# **Swamp Witch puppet/costume progress**



## mikieofthedead (Aug 12, 2005)

Hey Ghoulies,

Just wanted to let you in on a costume/puppet im building for this years yard haunted entitled "swamp witch" I'll be posting pics of the progress so keep checking back  

- Happy Haunting


----------



## mikieofthedead (Aug 12, 2005)

Here are the first pics - the head is just made from a styro head, masking tape and newspaper. paper mache is the next step...i think i want to make her overbite i little more larger as well.


----------



## mikieofthedead (Aug 12, 2005)

Alrighty, So i made the witches overbite a little more larger...think we are ready for paper mache...oh yeah..pay no attention to the tea stains on her face...i was carrying the head to the car whilst holding the leash of my darling hound from hell as well as a cup of tea . The pup saw another pup and yeah..tea everywhere


----------



## mikieofthedead (Aug 12, 2005)

I used Stolloweens paper mache recipe which i give two amputated thumbs up....really awesome stuff only needed 3 coats ...cant wait to start adding details to her face


----------



## mikieofthedead (Aug 12, 2005)

Started to add details to her face by putting an eye into her head . There is a backstory to the haunt in which the witch looses her eye so i had to incorporate that into the costume. Her one eye will glow and the other will be covered with an eye patch of sorts.


----------



## mikieofthedead (Aug 12, 2005)

time for some skin!!!! I used cheap paper towel and white glue mixed with water to apply skin to witchy-poo's face. Pattern on the paper towel looked like reptile skin...purrfect for a swamp witch


----------



## mikieofthedead (Aug 12, 2005)

Began using a layer of toilet paper and paper mache which kinda turned into a clay when the toilet paper disintegrated...really great to use for warts and wrinkles!! I also made some teeth out of brown polymer clay ( im gonna paint them a rotten yellow/green later on)


----------



## mikieofthedead (Aug 12, 2005)

began making the witches humpback using paper mache. My head will be up in the hump once the puppet is completed and her head will be moved with my hands...Its a little hard to explain lol


----------



## mikieofthedead (Aug 12, 2005)

Mounted the humpback onto pvc pipe using great stuff. I'll be wearing the whole puppet on my back like a school bag.....lets hope it doesnt get too heavy


----------



## mikieofthedead (Aug 12, 2005)

Heres the finished costume- turned out not too bad. definetely gave some little ones nightmares that night.


----------



## Veckah (Apr 5, 2010)

She is great! I love the height of her back compared to the placement of her head


----------



## Pennywise (Oct 21, 2004)

That looks great. I am currently making a costume just like this, only it's a zombie instead of the witch. Can you show more of how the PVC frame goes together? Does the head move at all? I have the head nearly done and I plan on starting the hands this weekend, but I have no idea how to make the frame. Thanks


----------



## Raven's Hollow Cemetery (Jul 3, 2011)

Ooooh AWESOME!!! Very nicely done!


----------



## mikieofthedead (Aug 12, 2005)

Hey Pennywise- the frame is attacked with straps that go around the shoulder like a back pack and then a belt that goes around the waist..i'll try to get a pic of it later today fer ya. Yeah, she was fully functional arms and head could move.
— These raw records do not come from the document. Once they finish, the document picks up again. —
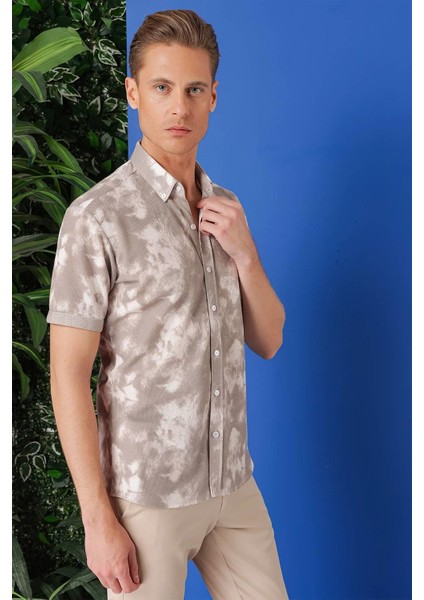 Slim Fit Düğmeli Yaka Batik Desenli Kısa Kol Pamuk Bej Gömlek G 1502 modelleri
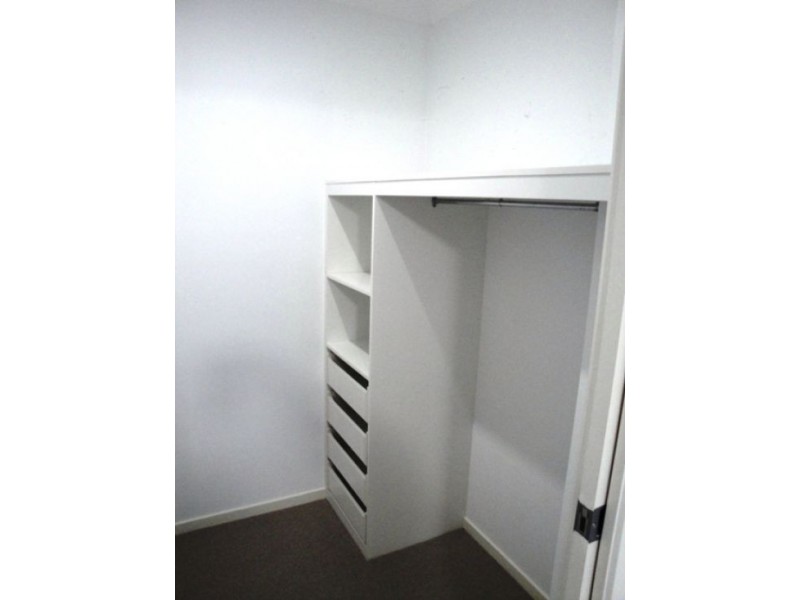 2/84 Falconer Street, Southport QLD 4215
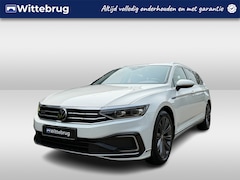 Volkswagen Passat Variant - 1.4 TSI PHEV GTE Business / 18"LMV / PANODAK / NAVI / APP.Connect / Elektr. Achterklep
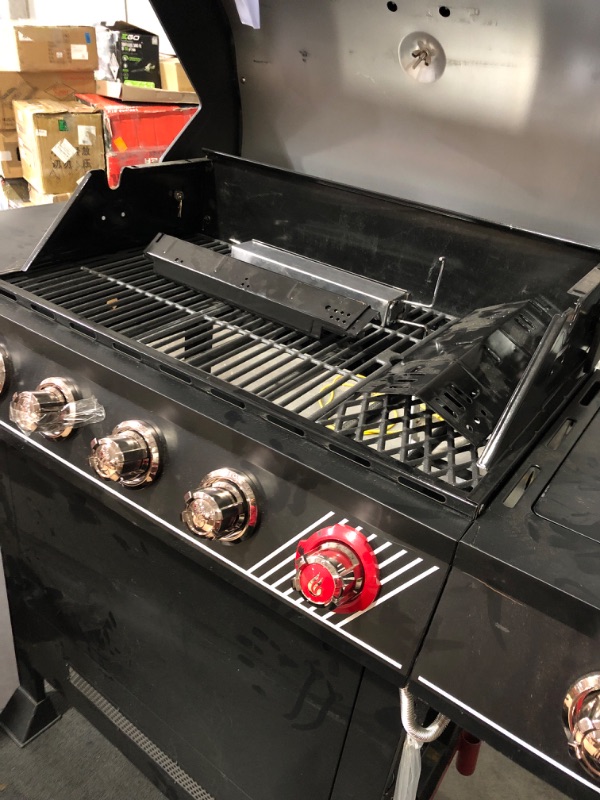 Photo 3 of (PLEASE SEE ALL IMAGES) Dyna-Glo 5-Burner Propane Gas Grill in Matte Black with TriVantage Multifunctional Cooking System
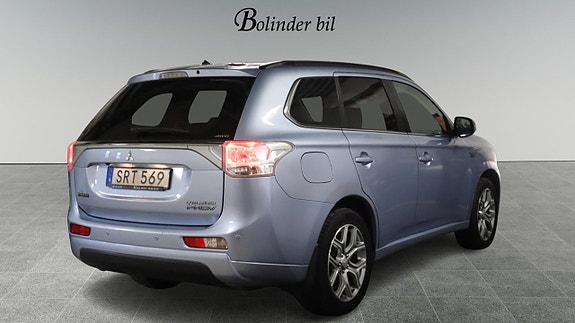 Mitsubishi Outlander 4 of 29
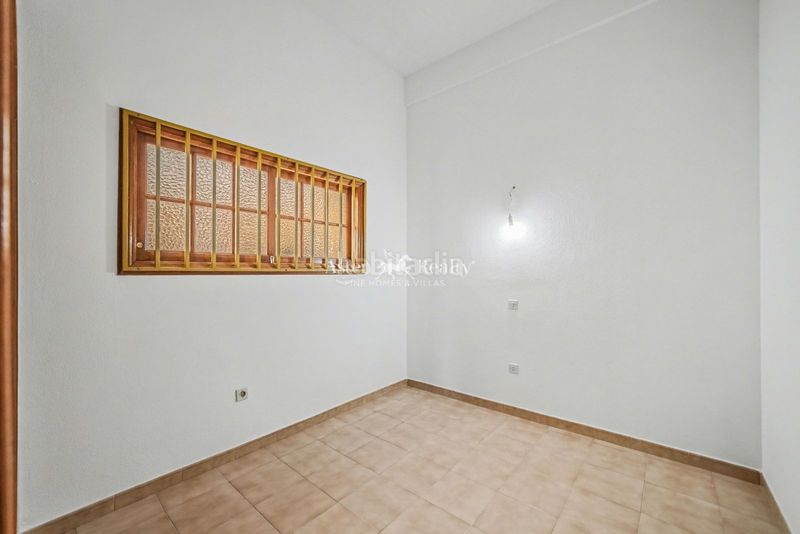 Foto 76df6dd5-74e3-4268-b079-609c216ed872. Pis a Los Cristianos Arona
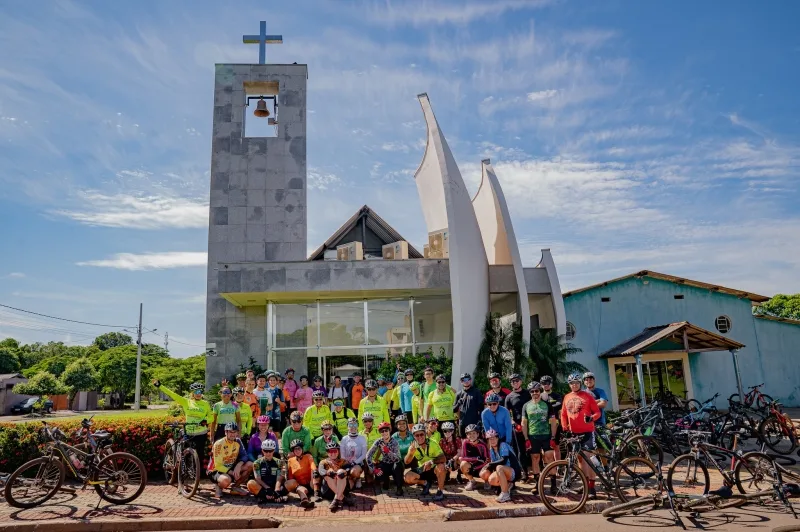 Pedal da Padroeira reúne dezenas de ciclistas em Guaíra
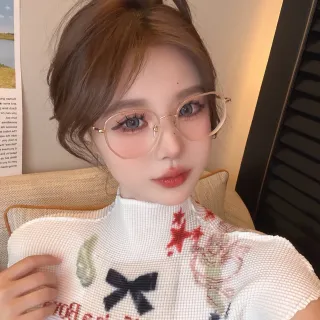 White Waffle-Knit High-Neck Embroidered Graphic Sweater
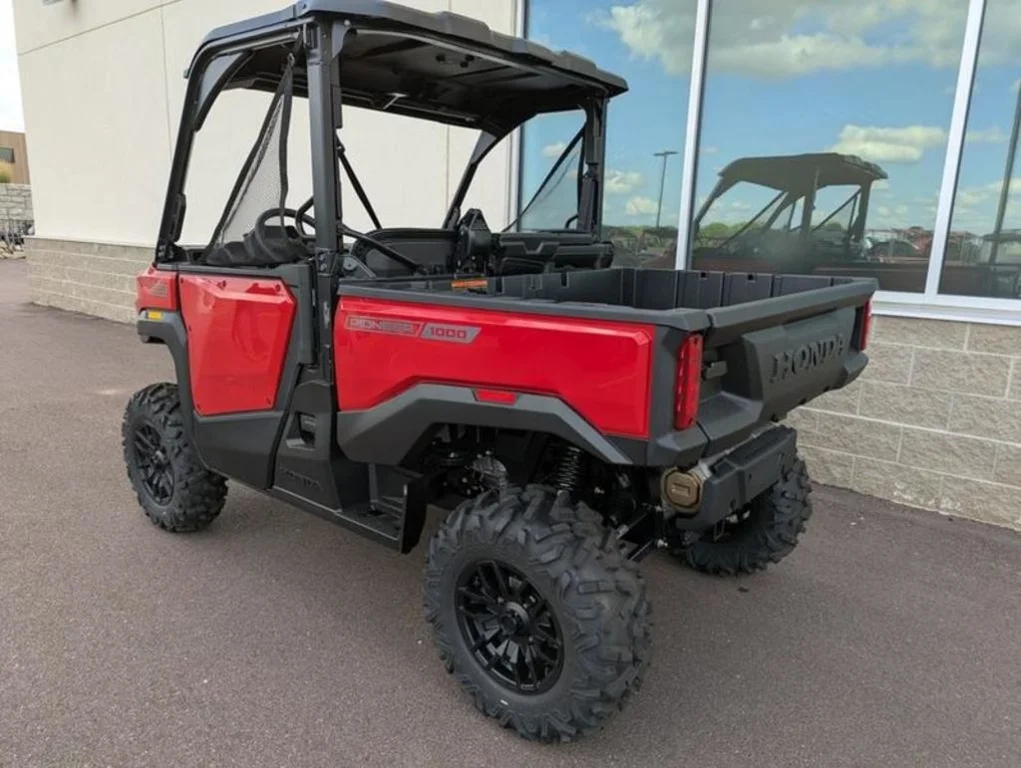 New 2026 HERO RED Honda Powersports Deluxe image 4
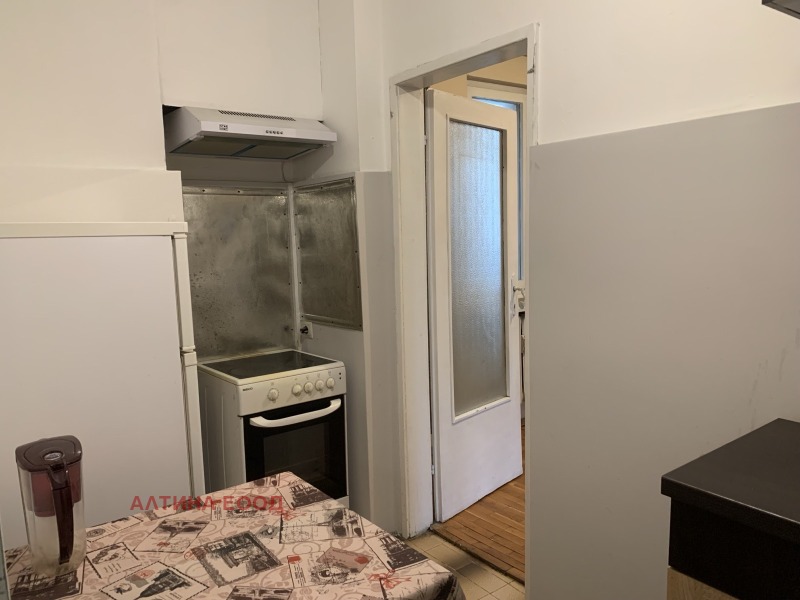 Дава под наем 3-СТАЕН, гр. София, Света Троица, снимка 8 - Апартаменти - 53573452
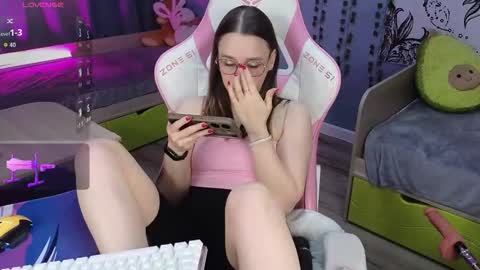 Alice online show from October 23, 3:19 am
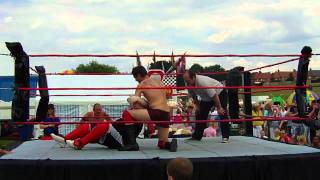 PTW Wellingborough Festival: 'High Stakes' Tommy Martins vs'Teetotal' Tommy Stevens (c) 02072011.AVI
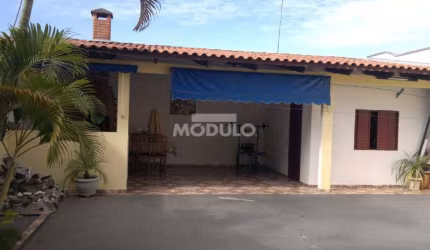 CASA COMERCIAL / RESIDENCIAL à venda, 4 quartos, 2 suítes, 5 vagas, Laranjeiras - Uberlândia/MG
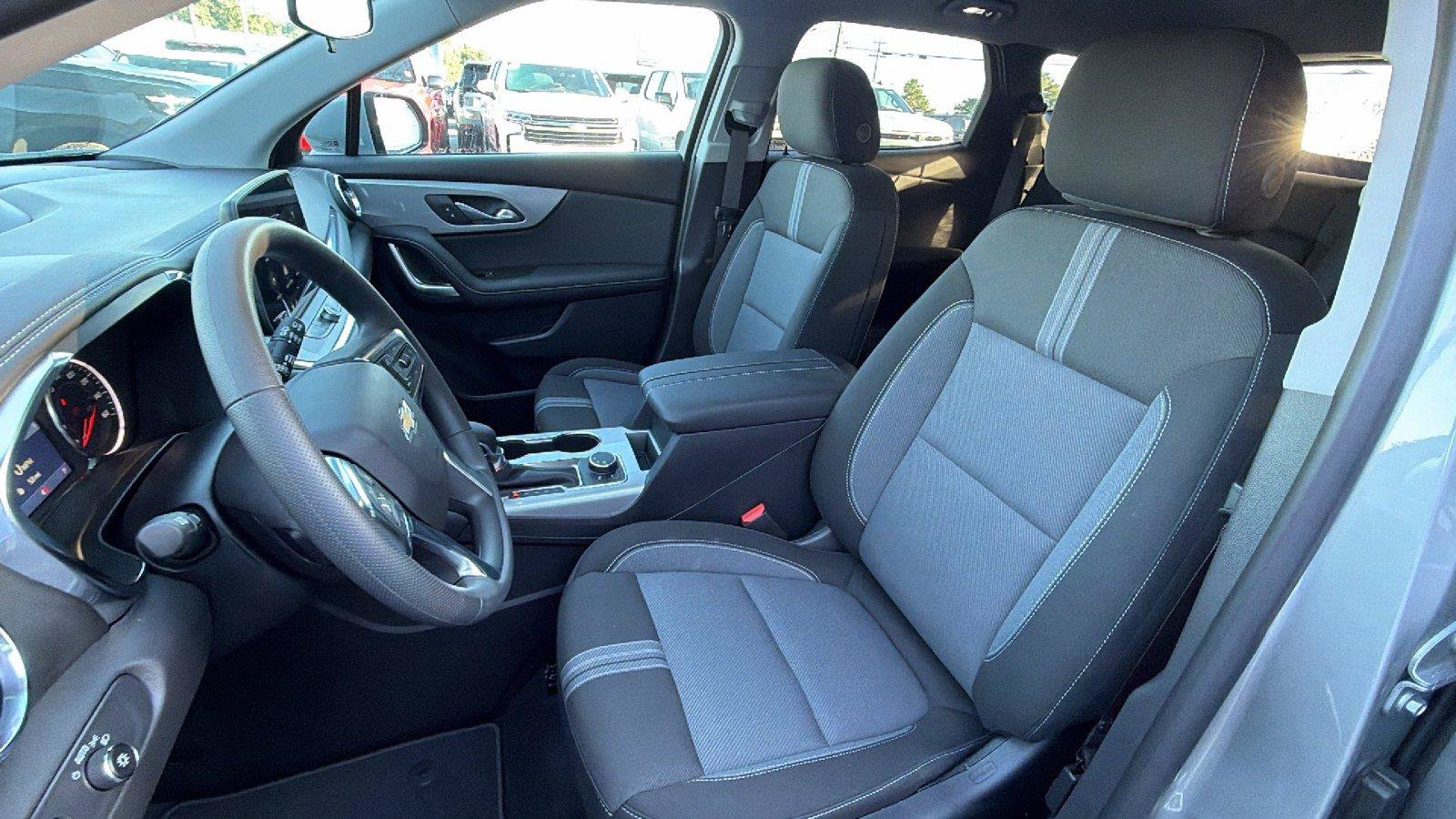 New 2026 Chevrolet Blazer LT FWD image 17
Raven's Hollow Cemetery- thanks so much...wish i had more time to detail her


----------



## Pennywise (Oct 21, 2004)

Cool. It's really great.


----------



## Raven's Hollow Cemetery (Jul 3, 2011)

mikieofthedead said:


> Raven's Hollow Cemetery- thanks so much...wish i had more time to detail her




Lol! Yeah, that's a common problem for me too. The devil is in the details, that's my story, and I'm sticking to it!  You have nothing to worry about amigo, she looks as good as any professionally made stalker suit I've seen, and better than most!


----------



## Scarydad (Jun 7, 2012)

This is awesome!

May I ask you the story behind the loss of the eye?


----------



## mikieofthedead (Aug 12, 2005)

Hey scarydad, Thanks for asking!! here is the back story I made for her :

Little Mary Anne had not been seen or heard from in three days. The town searched high and low unable to find a trace or a footprint. The children of the town knew that it was the Witch that lived deep in the swamplands. They believed the witch had taken little Mary Anne and turn her into sticks or even worse…a stew. They told the adults in town about the witch, but, were punished for making up such silly stories. The children decided to find Mary Anne themselves. They had overheard an old man in the village say the best way to kill a witch was to draw her on a piece of wood then hammer a nail into the picture a little bit every day for 4 days. That morning the children went into the forest and drew a picture of the witch on the wooden bridge along the swamp. A rusty nail was driven deep into the eye of the drawing .A loud hideous scream was heard from the swamp the children became quite frightened and ran away. The next morning two children Troy and Lori lee were found to be missing from the town. The children quickly returned to the drawing of the witch and hammered the nail in a little further. They heard an even louder scream this time which seemed to be much closer then the last time. They gasped and ran away quickly. The morning after they discovered that Jeromy and Zach had been taken during the night. The five remaining children returned to the drawing of the witch and hammered the nail even further. It was then that they heard the loudest scream they had ever heard but this time it was coming from behind them They turned and tried to run but where stopped by a large dark figure with one glowing eye. The figure cackled and opened her cloak and the children were never seen again. Sometimes in the night if the wind is just right you can hear the children calling from the swamps.


----------